Hello all, RON L here

have owned aLot of harbor Frieght items, Like th greenhouses, at times what come in leaves a lot to be desired, if you got a Cupon t sake a Lot on thr $, they are not bad, I have seen Home constructed units that were cleaper and stood the test of time Longer! We used simple Tent Stakes in each corner and that worked fine to hold it doewn, the wind did batter one to death!


----------



## copperhead46 (Jan 25, 2008)

I get a catalog from growers supply and they have some nice small ones that are at a better price than harbor freight. I'm thinking I'll get one this year. 
www.growersSupply.com 
P.J.


----------



## seagullplayer (Nov 6, 2008)

copperhead46 said:


> I get a catalog from growers supply and they have some nice small ones that are at a better price than harbor freight. I'm thinking I'll get one this year.
> www.growersSupply.com
> P.J.


Better price? I didn't look a lot, can you help me find it?


----------



## copperhead46 (Jan 25, 2008)

In the catalog it's on page 33, they have three different small sized ones, the one like harbor frieght has ( I think) is called garden starter greenhouse. "while supplies last" It's $129.00 right now. They have others in the "grow tents and greenhouse" section.
P.J.


----------



## copperhead46 (Jan 25, 2008)

http://www.growerssupply.com/farm/supplies/home

It's on the front page of the website. Small picture says garden starter greenhouse.


----------



## Phantomfyre (Jul 1, 2004)

I got a ShelterLogic through TSC recently, and really like it so far. I had to modify the anchoring instructions to make it super-secure in the high winds we get here, and add some metal pipes to hold the endwalls to the ground, but I'm still happy. I like that it's easy to take down or just remove the cover in summer, or move the whole thing if I want to. I plan to get more, and maybe get one of their screened canopy kits for use as a summer kitchen and a storage "shed" in winter. Portable, flexible infrastructure makes me happy. For full disclosure, I should add that it's only been up since New Year's Eve, and hasn't seen the worst of the winds we get, but we have had some, and are forecasted to get 50 MPH gusts tonight, *in addition to 18+ inches of snow...* So maybe I should let you know how things look in the morning. :teehee:

Here's a link to the one I got; they also have a 10x10 and a 6x8:
ShelterLogic 10x20

P.S. If you sign up for TSC's email list, they'll send you periodic emails for free shipping or 10% off online orders. I took advantage of one of those deals to get mine.


----------



## lonelyfarmgirl (Feb 6, 2005)

that is very similar to what I have to keep my rabbits in


----------



## coonripper (Jan 8, 2009)

I was going to build one this spring. I have a ton of lumber left over from another project and i will buy the greenhouse film seperate. I hope to build one that will last through Iowa winters.


----------



## copperhead46 (Jan 25, 2008)

Phantomphyre, that one look like the best yet. Let us know how it is in he morning. I think it would work to put baby chicks in, when spring gets here.


----------



## Phantomfyre (Jul 1, 2004)

Copperhead, all's well with the greenhouse today. DH broomed the snow off yesterday evening, and then the wind blew most of the rest off throughout the night, so not much accumulated on it. It's had several inches on it before, though, and showed no signs of having issues with that weight.

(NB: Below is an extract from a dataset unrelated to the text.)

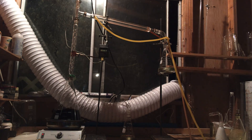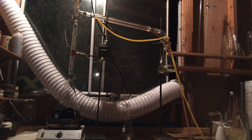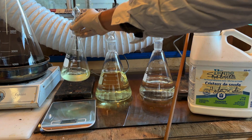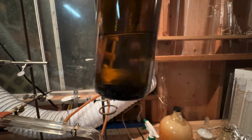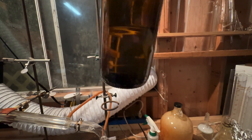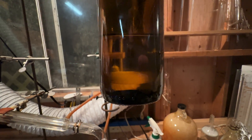As the temperature increased, everything that distilled over below 85 degrees Celsius was collected and set aside. 150 milliliters of low boiling point side products were obtained, and interestingly they formed two immiscible layers. One of the side products is likely acetaldehyde formed from the dehydration of the ethylene glycol, though it was not certain what else would be present with it.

The cover material is woven like a tarp, only translucent.

My anchoring modifications were to secure the *cover* at the corners with earth anchors instead of the *frame*, and then to add anchors in the middle on the sides - those, I secured to the frame. If one got a smaller kit, that latter part might not be as necessary, but with the 20' length and the winds here already having taught me lessons the hard way, I wasn't risking it.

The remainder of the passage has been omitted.